Exercise prompt: Restate word for word the lines between the start of the material and the line with "Cameroun: Boko Haram enlève 6 personnes Cameroun: Boko", keeping both of those ends and none of the pictures.

Task material:

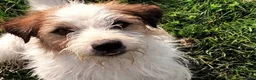 Jack Russel Terriër honden te koop: Jack russell pups met Stamboom!! - Advertentie 16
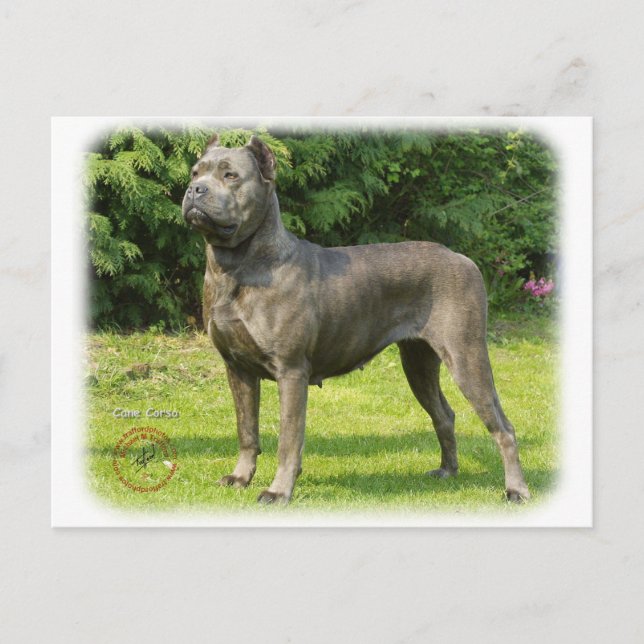 Postal Cane Corso 8R056D-05 (Anverso)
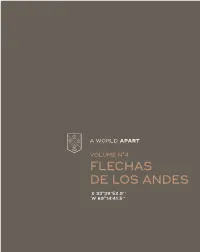 Flechas De Los Andes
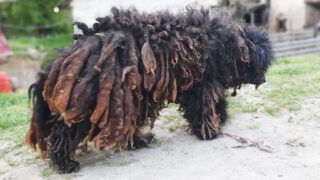 You Won’t Believe How This Dog Looks After Shaving All These Dreadlocks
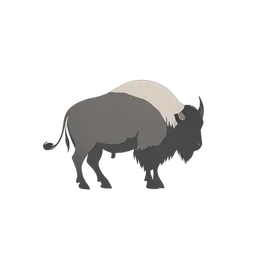 กระทิงป่า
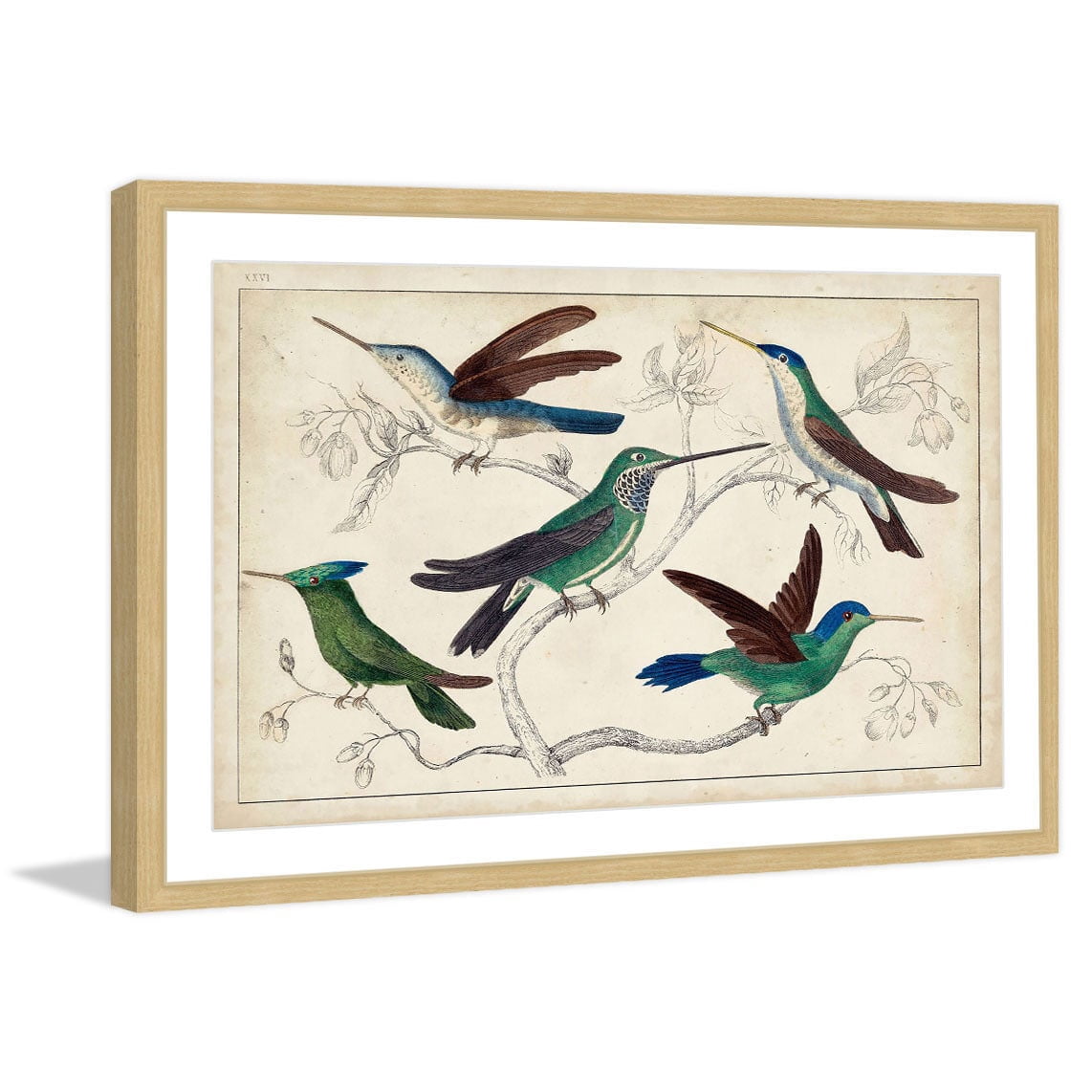Marmont Hill "Hummingbirds" Framed Painting Print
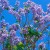 03_Jacaranda mimosifolia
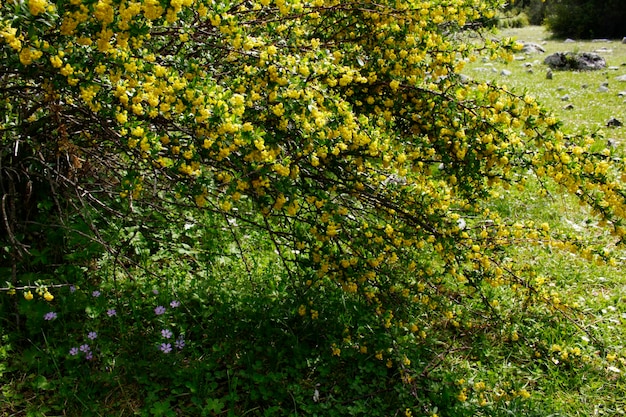 Barberry branch blooming in the garden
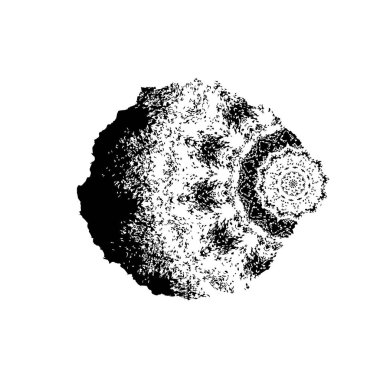 Soyut grunge arkaplanı. Monokrom dokusu. Siyah ve beyaz desenli arkaplan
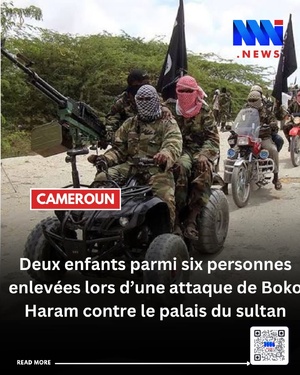 Cameroun: Boko Haram enlève 6 personnes Cameroun: Boko Haram enlève 6 personnes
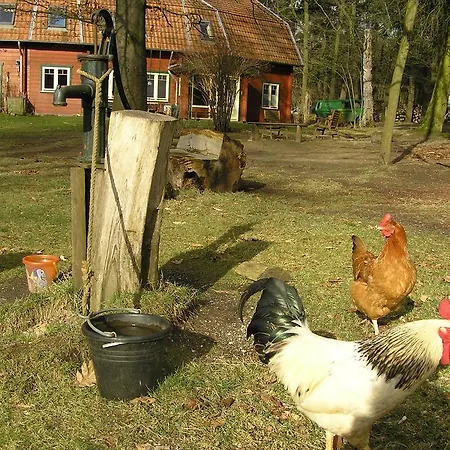 Groenewoud Vrijdag Tot Maandag En Maandag Tot Vrijdag Апартаменты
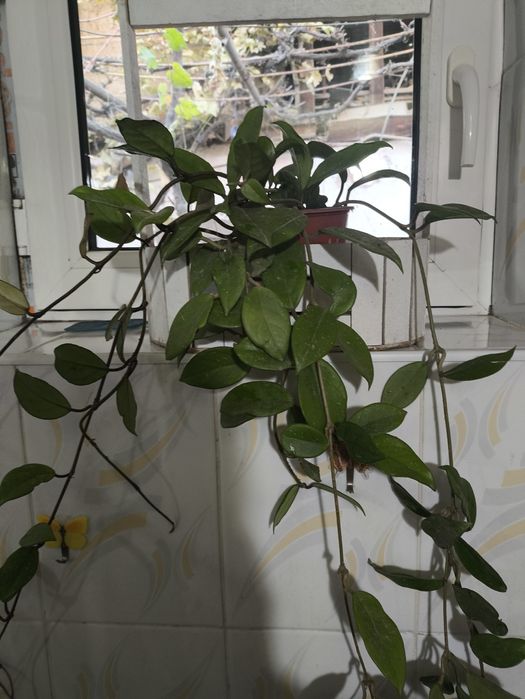 Два горшка с цветами Денежное дерево и другие цветы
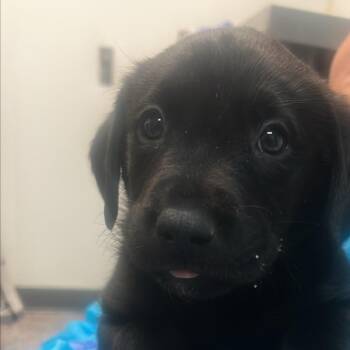 Black Labrador Retriever Dogs Available for Adoption - Donatello | PetCurious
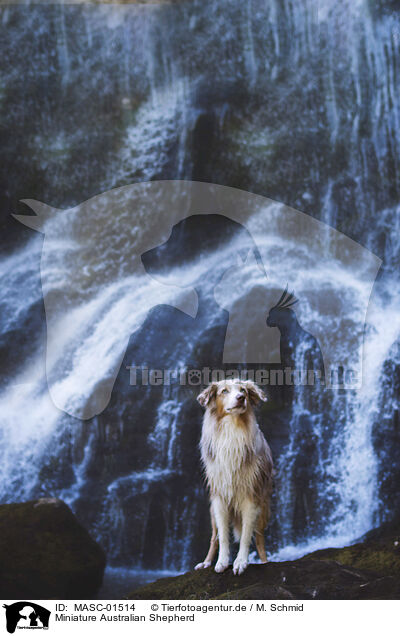 Miniature Australian Shepherd / MASC-01514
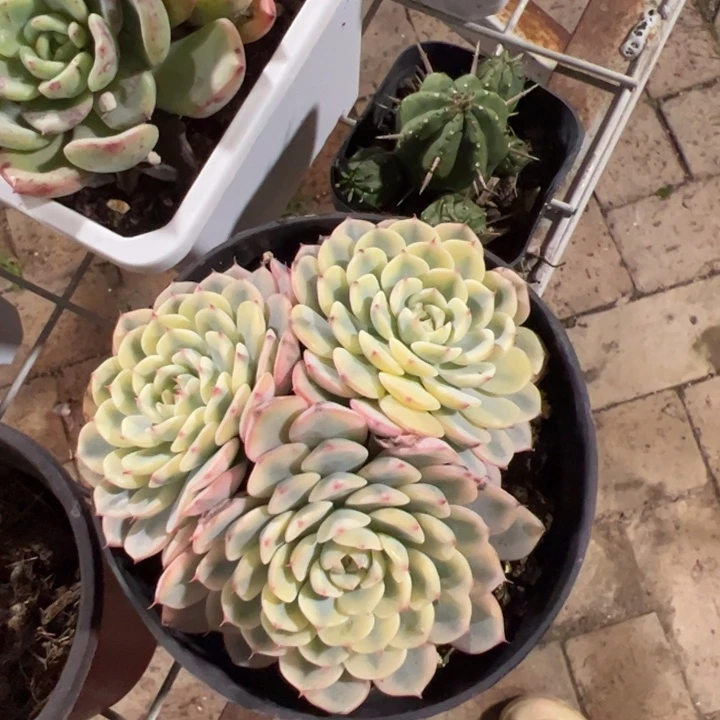 新疆包邮 姬莲锦群+火麒麟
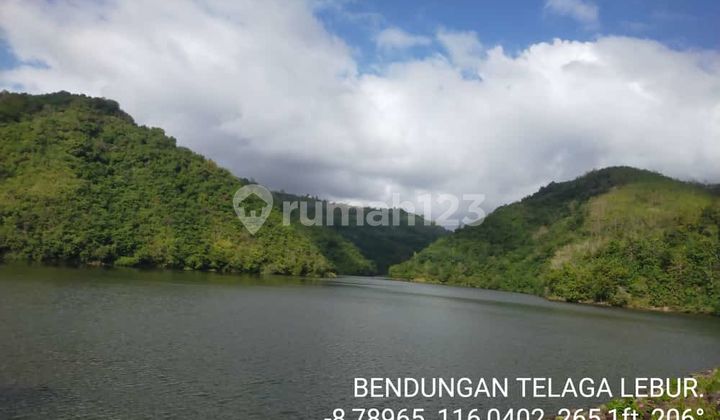 Tanah 199 Are SHM di Sekotong Tengah, Lombok Barat – Dekat Bendungan Telaga (LA)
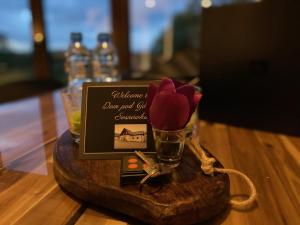 Dom pod górami Sosnówka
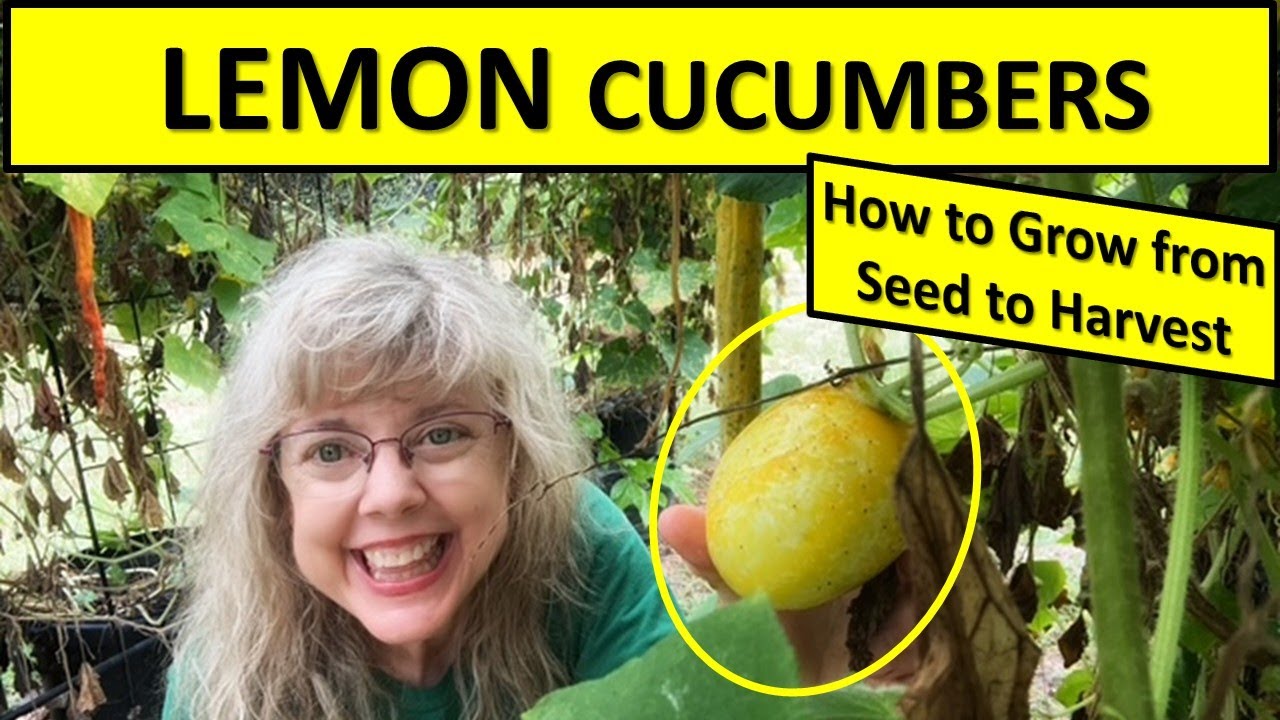Grow THIS Cucumber! Lemon Cucumbers from Seed to Harvest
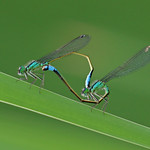 damselflies #2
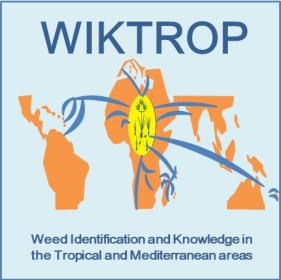WIKTROP : identification et connaissances des adventices tropicales et méditerranéennes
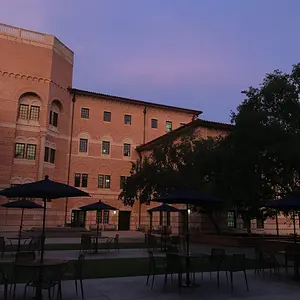 Rice at dusk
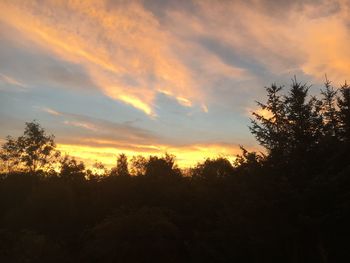 Silhouette trees against orange cloudy sky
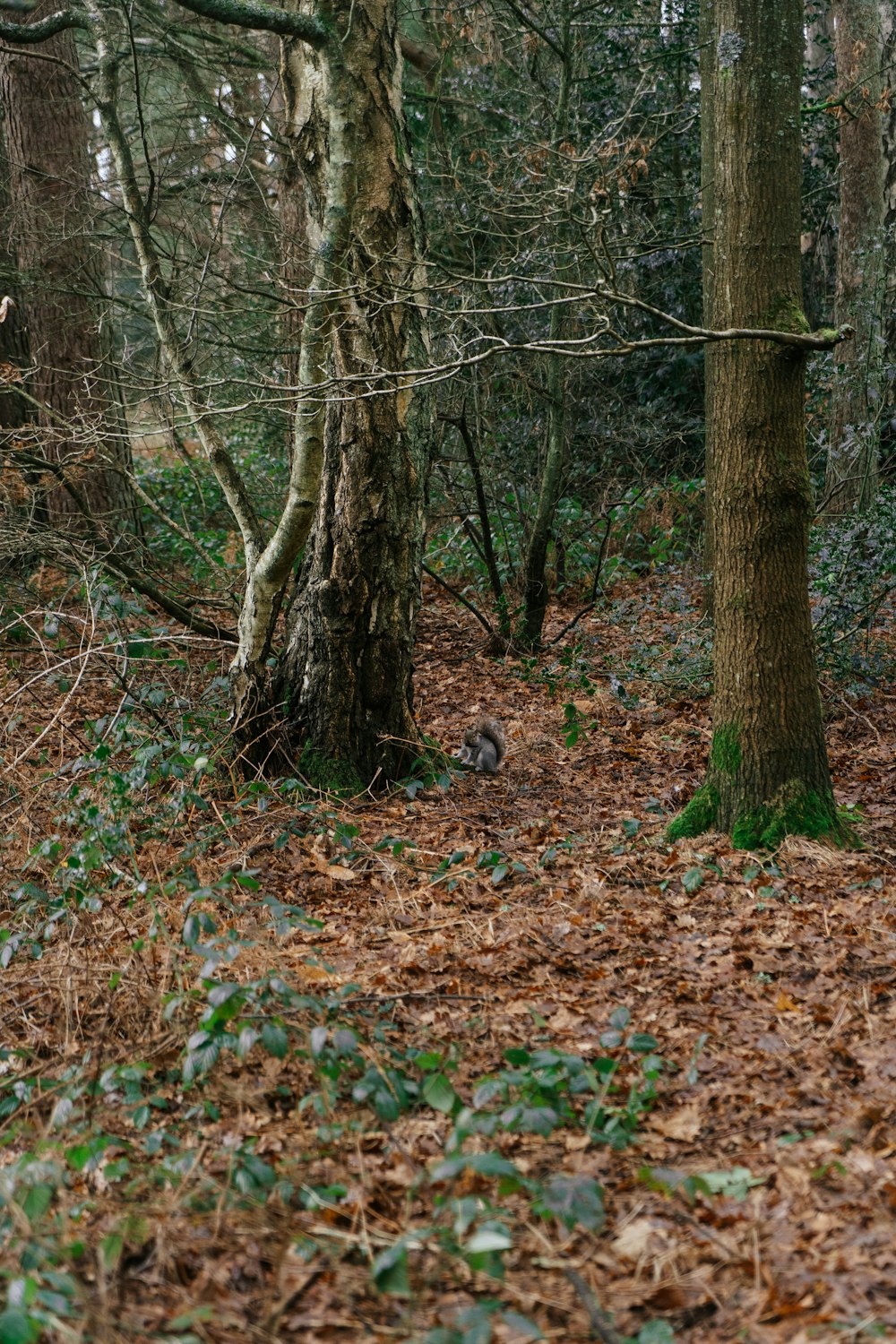 a forest filled with lots of trees and leaves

Problem solution:
 Jack Russel Terriër honden te koop: Jack russell pups met Stamboom!! - Advertentie 16
 Postal Cane Corso 8R056D-05 (Anverso)
 Flechas De Los Andes
 You Won’t Believe How This Dog Looks After Shaving All These Dreadlocks
 กระทิงป่า
Marmont Hill "Hummingbirds" Framed Painting Print
 03_Jacaranda mimosifolia
 Barberry branch blooming in the garden
 Soyut grunge arkaplanı. Monokrom dokusu. Siyah ve beyaz desenli arkaplan
 Cameroun: Boko Haram enlève 6 personnes Cameroun: Boko Haram enlève 6 personnes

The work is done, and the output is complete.